**INSTRUCTIONS FOR THE TASK**
Instruction for the entries that follow: retype exactly the lines from the line with "Cozy Gem In" to the line with "by Comfort Inn", both included, and omit all others.
(EXTRACTED ENTRIES)
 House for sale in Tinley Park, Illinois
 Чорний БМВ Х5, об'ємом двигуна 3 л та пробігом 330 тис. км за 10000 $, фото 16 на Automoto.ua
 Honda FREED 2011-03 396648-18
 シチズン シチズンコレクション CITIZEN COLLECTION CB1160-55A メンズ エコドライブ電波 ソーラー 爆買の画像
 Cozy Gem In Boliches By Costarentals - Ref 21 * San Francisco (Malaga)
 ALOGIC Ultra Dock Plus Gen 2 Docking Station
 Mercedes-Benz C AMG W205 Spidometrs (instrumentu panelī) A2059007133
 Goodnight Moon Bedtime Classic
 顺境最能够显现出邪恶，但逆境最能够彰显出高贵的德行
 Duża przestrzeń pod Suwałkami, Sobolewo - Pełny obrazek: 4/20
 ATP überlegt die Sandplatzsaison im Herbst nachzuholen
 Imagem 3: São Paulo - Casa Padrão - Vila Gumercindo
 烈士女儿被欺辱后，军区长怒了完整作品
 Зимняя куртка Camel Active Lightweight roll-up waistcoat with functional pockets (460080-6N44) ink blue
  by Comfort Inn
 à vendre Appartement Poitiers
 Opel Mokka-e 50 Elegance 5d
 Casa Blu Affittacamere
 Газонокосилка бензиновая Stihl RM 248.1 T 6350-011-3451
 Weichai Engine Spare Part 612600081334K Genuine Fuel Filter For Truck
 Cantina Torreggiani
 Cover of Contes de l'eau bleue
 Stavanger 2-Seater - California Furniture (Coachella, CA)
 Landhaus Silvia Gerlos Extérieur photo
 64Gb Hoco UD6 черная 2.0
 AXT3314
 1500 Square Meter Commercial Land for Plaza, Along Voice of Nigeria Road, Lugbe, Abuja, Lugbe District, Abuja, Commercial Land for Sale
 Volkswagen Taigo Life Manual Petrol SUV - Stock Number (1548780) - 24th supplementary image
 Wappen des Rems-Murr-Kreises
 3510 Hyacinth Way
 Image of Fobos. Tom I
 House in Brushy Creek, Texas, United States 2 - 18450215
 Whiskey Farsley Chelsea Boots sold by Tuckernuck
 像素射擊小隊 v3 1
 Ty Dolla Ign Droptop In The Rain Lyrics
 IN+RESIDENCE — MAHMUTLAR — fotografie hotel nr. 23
(End EXTRACTED ENTRIES)
**ANSWER SECTION**
 Cozy Gem In Boliches By Costarentals - Ref 21 * San Francisco (Malaga)
 ALOGIC Ultra Dock Plus Gen 2 Docking Station
 Mercedes-Benz C AMG W205 Spidometrs (instrumentu panelī) A2059007133
 Goodnight Moon Bedtime Classic
 顺境最能够显现出邪恶，但逆境最能够彰显出高贵的德行
 Duża przestrzeń pod Suwałkami, Sobolewo - Pełny obrazek: 4/20
 ATP überlegt die Sandplatzsaison im Herbst nachzuholen
 Imagem 3: São Paulo - Casa Padrão - Vila Gumercindo
 烈士女儿被欺辱后，军区长怒了完整作品
 Зимняя куртка Camel Active Lightweight roll-up waistcoat with functional pockets (460080-6N44) ink blue
  by Comfort Inn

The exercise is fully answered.